The conference heard further presentations from Jim McFarlane, Scottish Enterprise, and Mike Galloway, Director of Planning, Dundee City Council. Two speakers from Bilbao: Juan Alayo from Bilbao Rio 2000 and Professor Beatriz Plaza, Professor of Economics, University of the Basque Country spoke of the Regeneration of Bilbao and the Guggenheim effect. In 1997 the city of Bilbao was a cultural backwater that had fallen on hard economic times when officials commissioned architect Frank Gehry to design one of the landmark Museums for the Guggenheim Foundation, based in New York: the Guggenheim Museum, Bilbao. “The phrase “Bilbao Effect” was coined to describe how dramatic architecture can transform an entire city – and in the process, make that metropolis a cultural destination. The Guggenheim Museum Bilbao’s debut set in motion a city-wide revitalisation program in Bilbao that continues to this day as architects like Norman Foster, Santiago Calatrava, César Pelli, Zaha Hadid, Federico Soriano, Dolores Palacios, Arata Isozaki… construct stunning performing arts centres, congress halls, hotels, bridges, metro stations, airport terminals, and shopping and entertainment complexes”.5
Juan Alayo was keen to point out that Dundee was further along the path of regeneration than Bilbao had been, when it embarked on the Guggenheim project, facing major infrastructure programmes and serious pollution in the river after a long history of chemical and steel manufacture. The stench of the river was one of the costliest issues to resolve – €700m was spent on cleaning the river alone. Beatriz Plaza experienced a ‘beautiful sunset over the River Tay’ on her arrival in Dundee, emphasising that Dundee had natural beauty that Bilbao lacked. Her economic figures were also convincing illustrating that the combination of an iconic building and a ‘brand’ such as Guggenheim or V&A could kick-start economic and cultural growth. Georgina Follett summed up the case for support:
The partnership portfolios match the inherent strengths in Scottish Art institutions and creative sectors, which have been at the forefront of many innovations within design including games, inter-active media, textiles, photography, printmaking, video, animation to name but a few. The gallery provision proposed capitalises on Dundee’s and Scotland’s visual economies, but it is the co-location of the works that is of vital importance, being able to contextualise Scotland’s creative capital against the best in the world, will bring attention to the products of our creative practitioners.
A centre such as is proposed will provide a focus for debate and enable engagement in contemporary design dialogues. The V&A at Dundee would give focus, gravity and balance competitive opportunity for creative practice and its universities through access to contemporary international collections and Scotland’s leading edge culture and creativity.

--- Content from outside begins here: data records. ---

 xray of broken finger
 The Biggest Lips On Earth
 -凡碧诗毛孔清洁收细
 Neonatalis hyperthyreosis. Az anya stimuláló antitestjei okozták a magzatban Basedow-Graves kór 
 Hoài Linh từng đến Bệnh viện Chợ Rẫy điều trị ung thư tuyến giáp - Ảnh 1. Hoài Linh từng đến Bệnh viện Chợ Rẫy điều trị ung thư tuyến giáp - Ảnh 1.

This is the chance to make Dundee the place to see contemporary visual practice, in design and the applied arts together with contemporary fine art at Dundee Contemporary Arts (DCA) and to enable our future practitioners to take inspiration from exposure to the world’s leading contemporary applied art and design, and see a future for themselves within a new and emergent economic sector.

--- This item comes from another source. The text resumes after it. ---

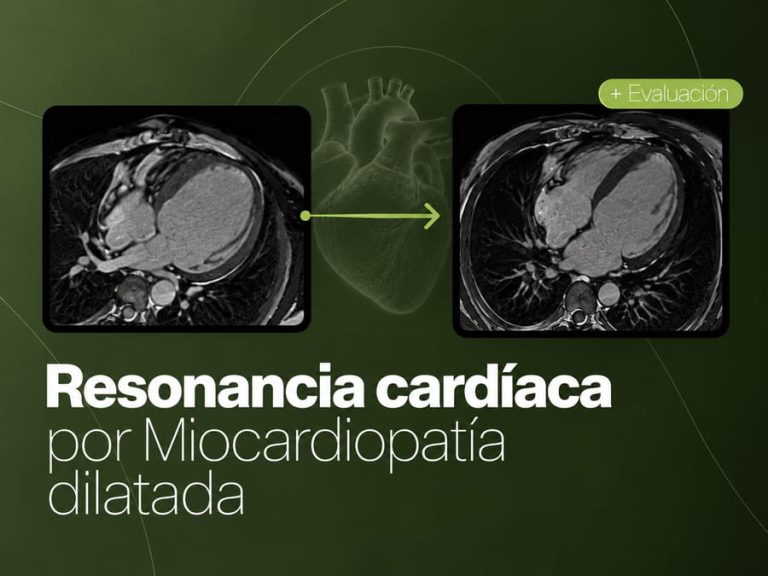 Resonancia magnética cardíaca para estudiar masas y lesiones del corazón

The vision is to have a curatorial strategy to partner existing Scottish excellence in the creative and applied arts with international partners – building on the partnership with the V&A to attract other important international touring exhibitions to Dundee.
References
1. Tim Cornwell, “It may be time for Scots version of Guggenheim”, The Scotsman, Edinburgh, 26 February 2009.
2. Ibid.
3. James Meikle, “Top draws: museums and galleries offer light amid the economic gloom”, The Guardian, 26 February 2009.
4. 23 June–31 October 1993. The catalogue: High Art and Low Life: The Studio and the Fin de Siècle, Studio International Special Centenary Number, Volume 201, 1022/1023, incorporating The Studio founded in 1893. The Arthur M. Sackler for the Foundation for the Arts, Sciences and Humanities, 1993.
5. ForImmediateRelease.Net, August 2, 2007.